Огарев (упрямо). Люди в революции не могут ясно представить себе, куда они идут.

Герцен (возмущенно). На авось мы не пойдем! Люди пойдут, зная, куда идут, зная, что ломают и что сеют.

Бакунинское влияние странно отозвалось на Огареве. Он стал мельчить. Количественно его плодовитость не уменьшилась. Но качественно… Статьи и прокламации по-прежнему обильно выпархивают из-под его уже не очень твердой руки. Герцен восстает не только против содержания статьи Огарева «Русские студенты», но и против ее формы. В нем запротестовал не только революционер, но и художник. Сам-то он ничего не делал кое-как и считал, что революционная пропаганда и серость несовместимы:

— Отчего ты — поэт и музыкант — потерял чутье формы и меры? Зачем искусственный vulgar[65] — в словах и выражениях?.. Нет, это не те звуки, которыми юный «Колокол» потрясал молодежь… Прими в любовь, а не в гнев замечания.

Но Огарев не принял в любовь эти драгоценные замечания мастера. Он обиделся. Нет ничего уязвимее авторского самолюбия.

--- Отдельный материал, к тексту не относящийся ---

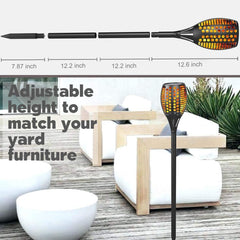 Solar Lights, Sunlitec Waterproof Flickering Flames Torches Lights Outdoor Landscape Decoration Lighting Dusk to Dawn Auto On/Off Security Torch Light for Garden Patio Deck Yard Driveway, 2 Pack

Он отозвался, и в словах его есть оттенок высокомерия, ранее ему несвойственного:

— Мне становится жаль, что ты не подписал моей прежней статьи из-за чувства изящной словесности…

Но хоть редкая встреча Герцена с Бакуниным проходила без спора, эти идейные распри, однако, никогда не выплескивались на страницы печати, никогда Герцен публично не полемизировал с Бакуниным — несомненно, вследствие давней дружбы с ним, и без того травимым и преследуемым властями разных стран. Главы о Бакунине в «Былом и думах» остались в рукописи, так же как полемические письма «К старому товарищу».

Независимо от того, знал ли Герцен истинную цену Бакунину, сознавал ли всю глубину его заблуждений, он был верен старому товарищу. Он прощал ему многое, не приносил в этом случае в жертву убеждениям личные чувства, хотя, вообще говоря, стоял за чистоту принципов, за их монолитность, — недаром так восхищался он твердостью Робеспьера. Нет, нельзя представить себе подобной неумолимой позиции Герцена! Восхищение Робеспьером — чисто теоретическое. Оттенок восхищения пламенной натурой Бакунина всегда был свойствен Герцену. Даже негодуя против Бакунина, он не мог не любоваться им.

Добродушная нотка звучит в его насмешливом отзыве о Бакунине:

— Мастодонт Бакунин шумит и громит, зовет работников на уничтожение городов, документов… ну, Аттила, да и только.

И всякий раз для определения Бакунина Герцен прибегает к образам гиперболическим, раблезианским:

— Бакунин — это локомотив, слишком натопленный и вне рельсов — несется без удержу…

Но разве только Герцен характеризует этого «мастодонта» и «локомотив» в таких сильных выражениях? Даже французский премьер-министр, выславший Бакунина из Франции, назвал его «une personalitè violente»[66]. А почти полстолетия спустя Александр Блок, зондируя душу Бакунина в своей статье о нем, писал, что он «одно из замечательнейших распутий русской жизни… способный к деятельности самой кипучей… Бакунин был вместе с тем ленивый и сырой человек — вечно в поту, с огромным телом, с львиной гривой, с припухшими веками, похожими на собачьи, как часто бывает у русских дворян. В нем уживалась доброта… с глубоким и холодным эгоизмом… Только гениальный забулдыга мог так шутить и играть с огнем… О Бакунине можно писать сказку… Займем огня у Бакунина!..»

Со сложной натурой и отношения сложные. «Не вполне с ним согласный — я очень в хороших ладах», — рассказывал Герцен Маше Рейхель о встречах с Бакуниным.

«Не вполне» — слишком мягко сказано. Герцен не считал нужным раскрывать даже своей приятельнице всю противоречивость своих отношений с Бакуниным. И обратно, конечно. Чуть ли не специально для применения к Герцену Бакунин изобрел слово «прекраснодушие» — а заодно и по-немецки: «Schönseeligkeit». В нем есть оттенок презрительности, оно обозначает, быть может, и возвышенное, но несостоятельное умонастроение, лишающее возможности самостоятельного суждения в вопросах истории и политики, — «искусственное благодушие в невинных строках», — добавляет Бакунин, претендуя на остроумие, что — увы! — этому «мастодонту» не было дано.